--- Image-caption web data ---
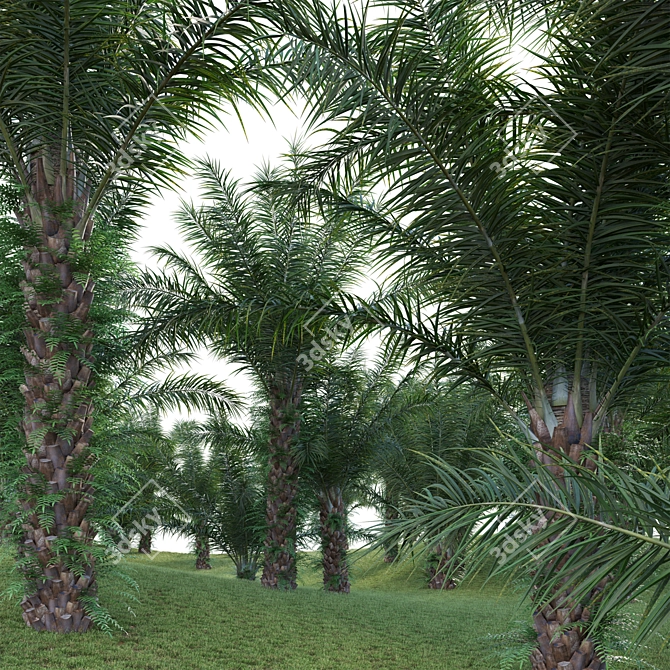 Diverse 3D African Oil Palm 3D model image 2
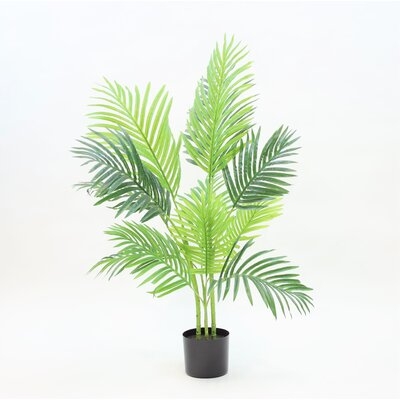Areca Palm - 72 Inches - Image 0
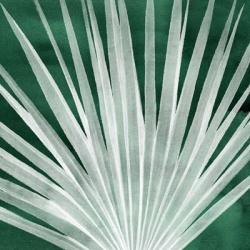 Velvet Palm I | Obraz na stenu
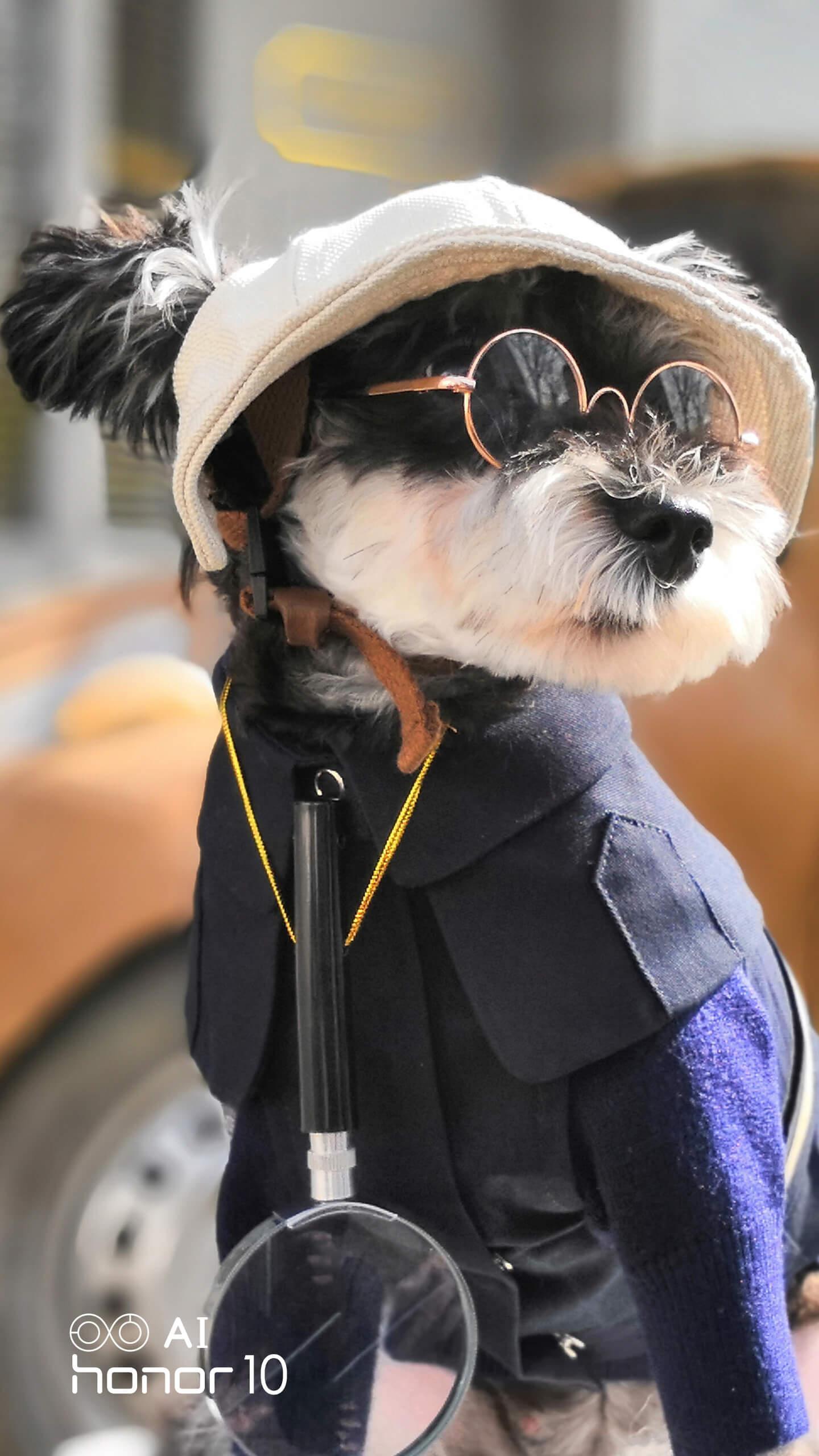 精美二次元壁纸高清,60张绝美壁纸超清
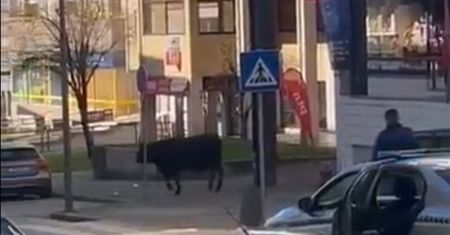 Chaos na ulicach Portugalii. Krowa szalała na wolności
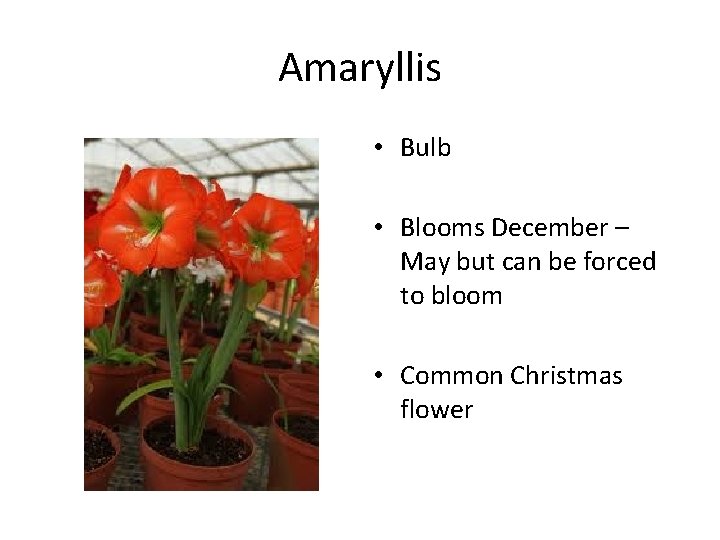 Amaryllis • Bulb • Blooms December – May but can be forced to bloom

--- EXERCISE DESCRIPTION ---
The entries are to be transcribed word for word, without their images.

--- EXPECTED ANSWER ---
 Diverse 3D African Oil Palm 3D model image 2
Areca Palm - 72 Inches - Image 0
 Velvet Palm I | Obraz na stenu
 精美二次元壁纸高清,60张绝美壁纸超清
 Chaos na ulicach Portugalii. Krowa szalała na wolności
 Amaryllis • Bulb • Blooms December – May but can be forced to bloom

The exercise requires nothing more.